DATA RECORDS Block Start
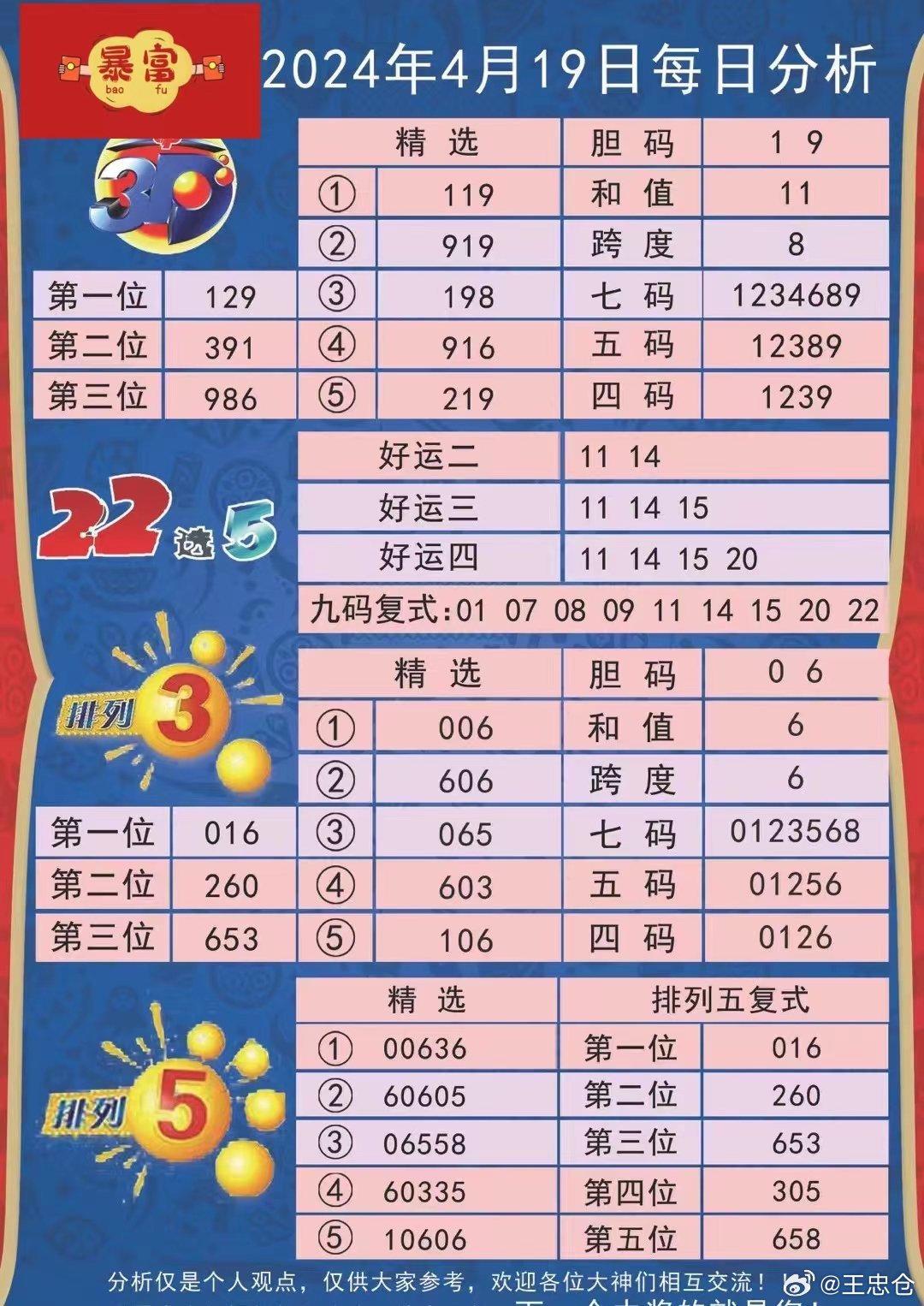 八仙过海3D，揭秘2004005期必中两码组合的奥秘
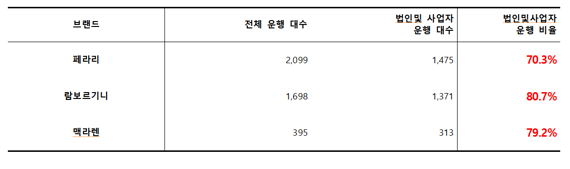 카이즈유데이터연구소 자료 캡쳐.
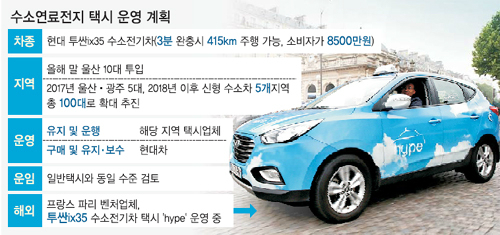 광주 진곡 수소충전소 이미지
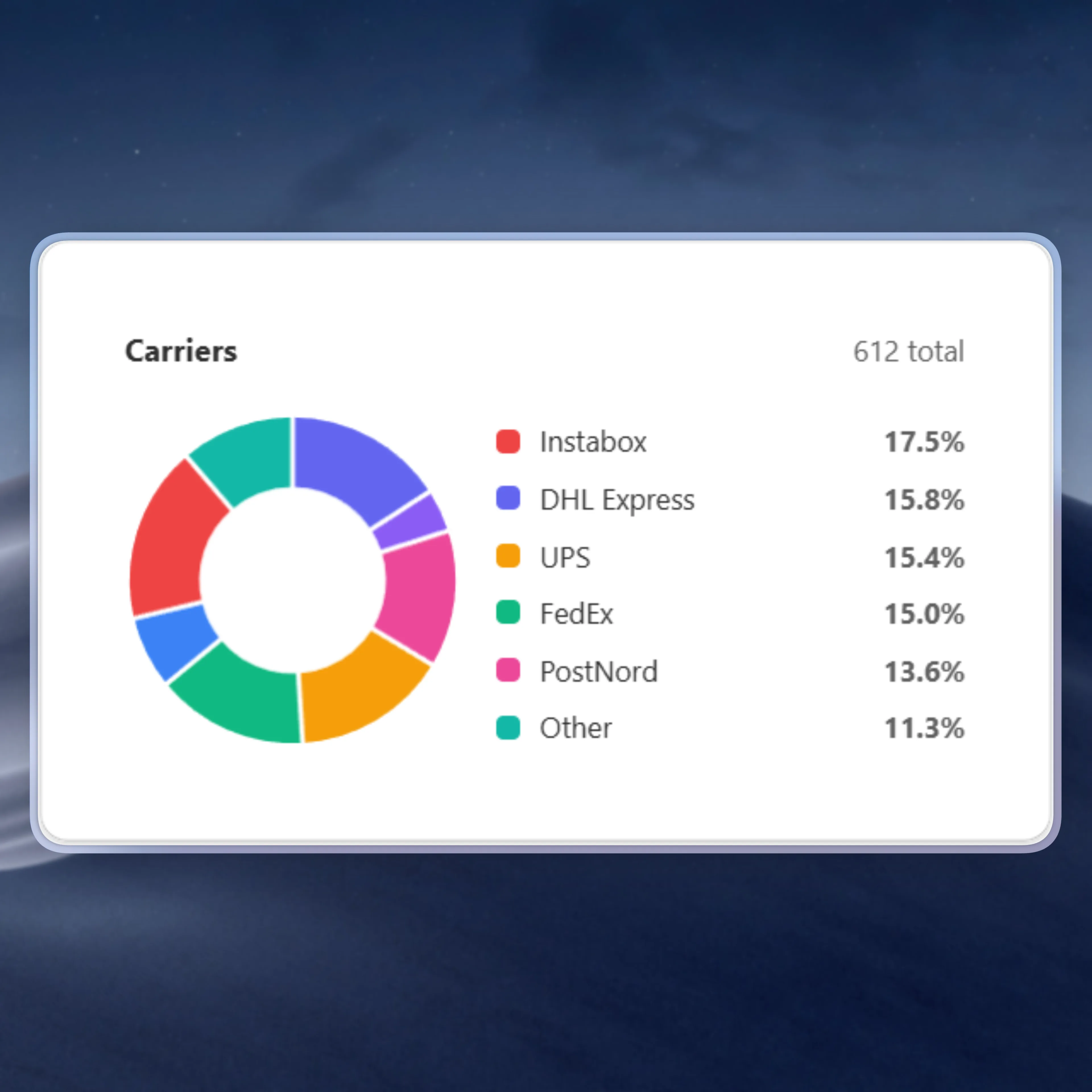 Donut chart displaying the distribution of shipments across carriers like Instabox, DHL, and UPS.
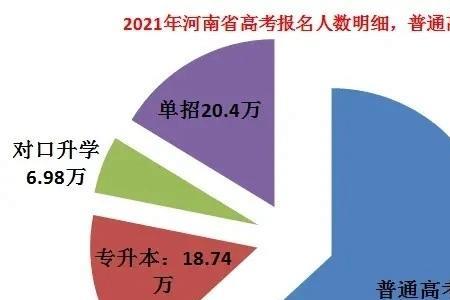 2021年河南和陕西高考卷一样吗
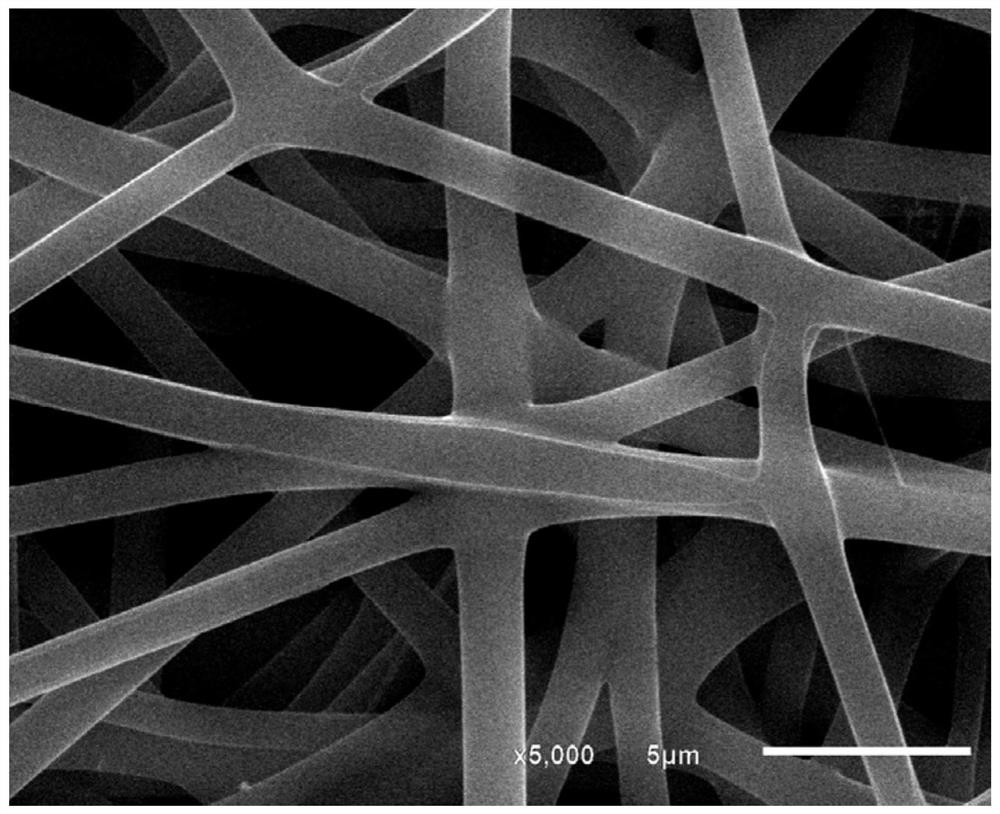 Preparation method of pure lead zirconate titanate nanofiber ceramic material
DATA RECORDS Block End
> ACTION ITEM:
Only the lines from the one containing "Donut chart displaying" through the last line of the entries above, both included, belong in the answer, written out exactly; pictures do not.

> ANSWER FOR THE TASK:
 Donut chart displaying the distribution of shipments across carriers like Instabox, DHL, and UPS.
 2021年河南和陕西高考卷一样吗
 Preparation method of pure lead zirconate titanate nanofiber ceramic material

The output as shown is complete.